Last weekend a 47-year-old West Virginia carpenter who goes by the pseudonym Derwood released the first video of what he calls the Shuty-MP1, a “mostly” 3-D printed semi-automatic firearm. Like any semi-automatic weapon, Derwood’s creation can fire an actual magazine of ammunition—in this case 9mm rounds—ejecting spent casings one by one and loading a new round into its chamber with every trigger pull. But unlike the typical steel semi-automatic rifle, Derwood says close to “95 percent” of his creation is 3-D printed in cheap PLA plastic, from its bolt to the magazine to the upper and lower receivers that make up the gun’s body. “No one had ever tried to get a semi-automatic 3-D printed gun working before…I’m just one of those types, I like to find new things that people say can’t be done,” he says. “It’s simple, but it works. The gun shoots great.”

Here’s a video of Derwood test-firing the gun:

But unlike other 3-D printed weapons that have spooked gun control advocates and raised thorny First and Second Amendment questions, the Shuty-MP1 is far from a fully printed firearm. Derwood’s “95 percent printed” description may apply to the overall material that makes up the gun. But unlike some other 3-D printed guns, he didn’t attempt to build the most complex moving parts or stress-absorbing elements from plastic; its store-bought Glock barrel, hammer, firing pin, bolts, and springs are all metal.

Despite those metal shortcuts, the Shuty’s semi-automatic features represent another incremental step in the improvement of homemade weapons manufactured with digital DIY tools. And by making the weapon at home, Derwood successfully circumvented all gun control laws. Since the metal parts he purchased aren’t subject to any regulation, he legally created a weapon that carries no serial number and didn’t at any point require a background check or even ID.

The Shuty-MP1 isn’t actually the first 3-D printed semi-automatic weapon, or even the the first “mostly 3-D printed” one. Derwood says he believes he created that first-of-its-kind firearm himself last year with an earlier version of his Shuty invention.

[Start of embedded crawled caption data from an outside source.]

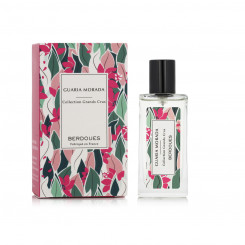 Perfume universal women's & men's Berdoues EDP Guaria Morada 30 ml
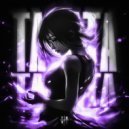 MVRPHiN, Lucy Malfroy - TACATA (Original Mix)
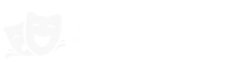 Festunderholdning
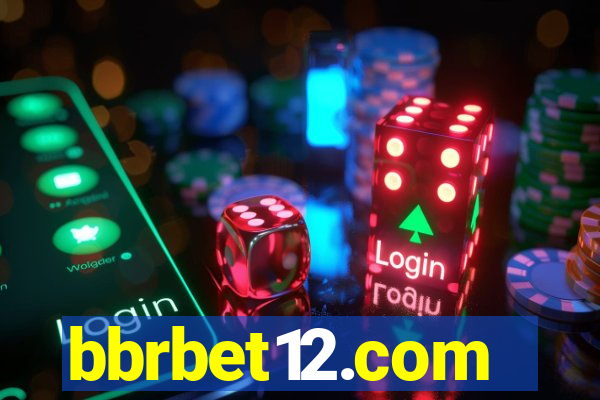 bbrbet12.com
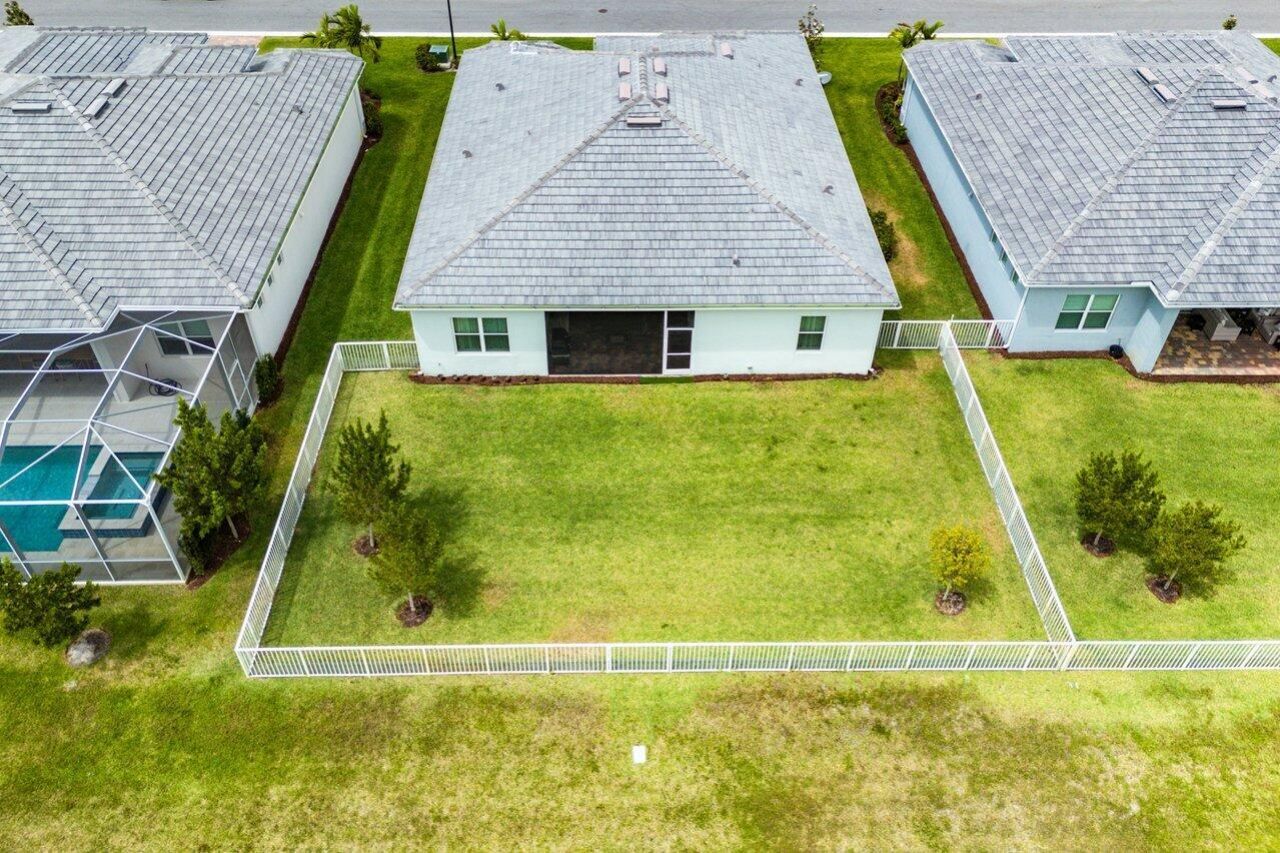 9578 Mosler Trail, Lake Worth, FL 33467 Photo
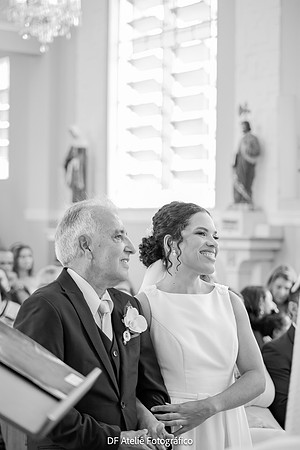 0121 - Rosângela e Douglas - Casamento - DF4_5813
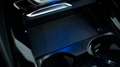 BMW X4 M 3.0 480CV TETTO HARMAN/KARDON PACK LUCI SEDILI ITA Gris - thumbnail 39
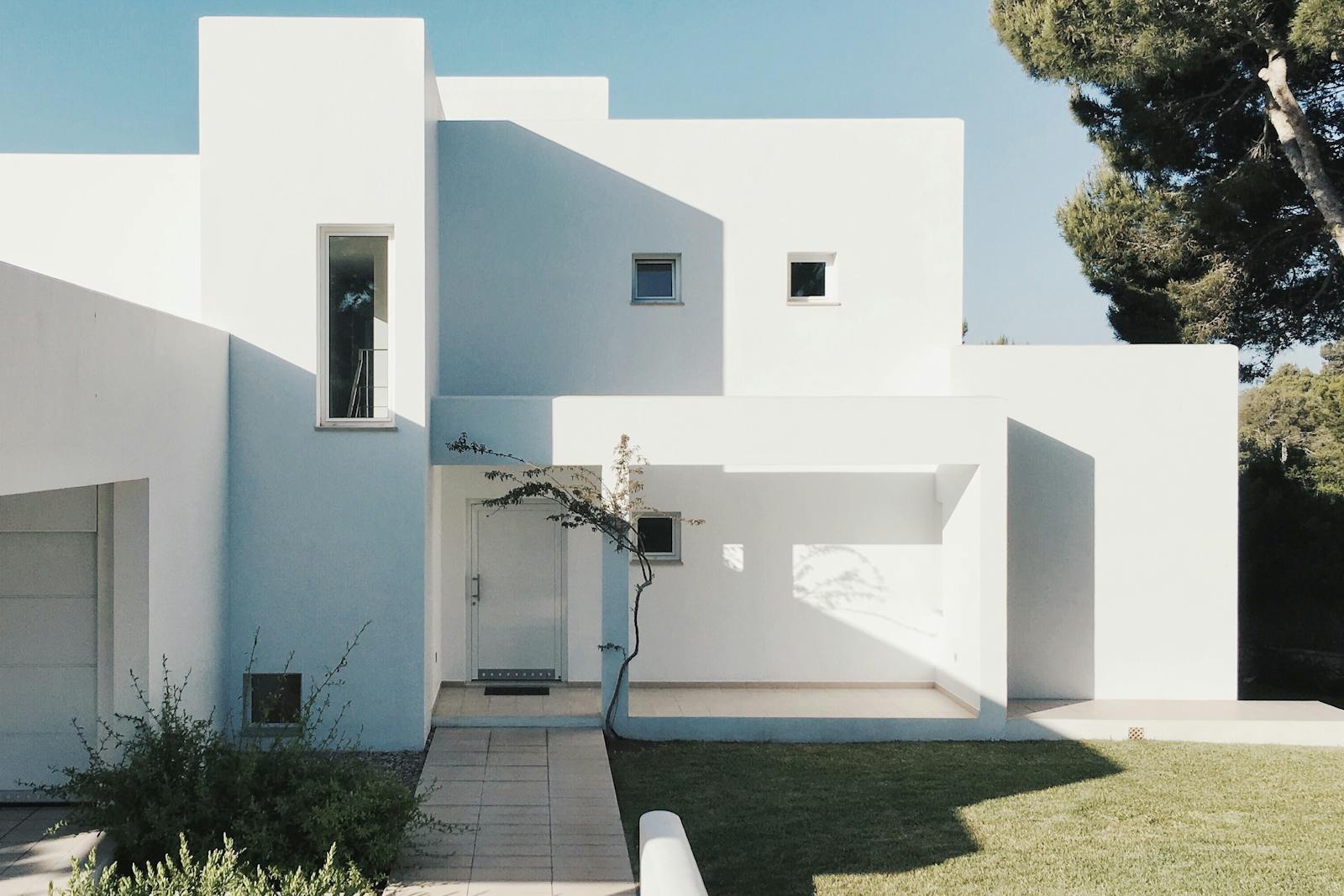 Digital Tools That Are Changing How We Communicate Ideas in Architecture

The latest version only streamlines that earlier weapon’s design to bring it closer to the shape and size of a traditional gun, to avoid a welding step that was necessary in the older version, and to improve its reliability.

Here’s a video the components of the Shuty-MP1 being assembled into a working firearm:

Derwood says he was first introduced to 3-D printed firearms through a group of digital DIY gunsmiths known as FOSSCad, which has been collectively honing and sharing printable weapon designs for years. But Derwood says he won’t be publishing the CAD files he used to make the Shuty-MP1; he says he built the weapon merely as an engineering challenge, not to undermine gun control laws as more political 3-D printing-focused gunsmiths like Defense Distributed have sought to do. “Some people like to build things for themselves,” he says. “It’s an off-the-grid type of attitude.”

Despite his videos showing the Shuty-MP1’s construction, Derwood says he’s not worried it could be used by criminals looking for an untraceable and unregulated weapon. After about 18 shots, he says, the plastic around the gun’s barrel begins to melt and deform unless it’s allowed to cool. “If you keep shooting, it’s going to fail,” he says. “That makes it not such a desired weapon for a criminal.”

Then again, Derwood says he’s working on a version printed in nylon instead, which he believes would increase the weapon’s tolerance for stress and heat. The march of gun-printing progress continues.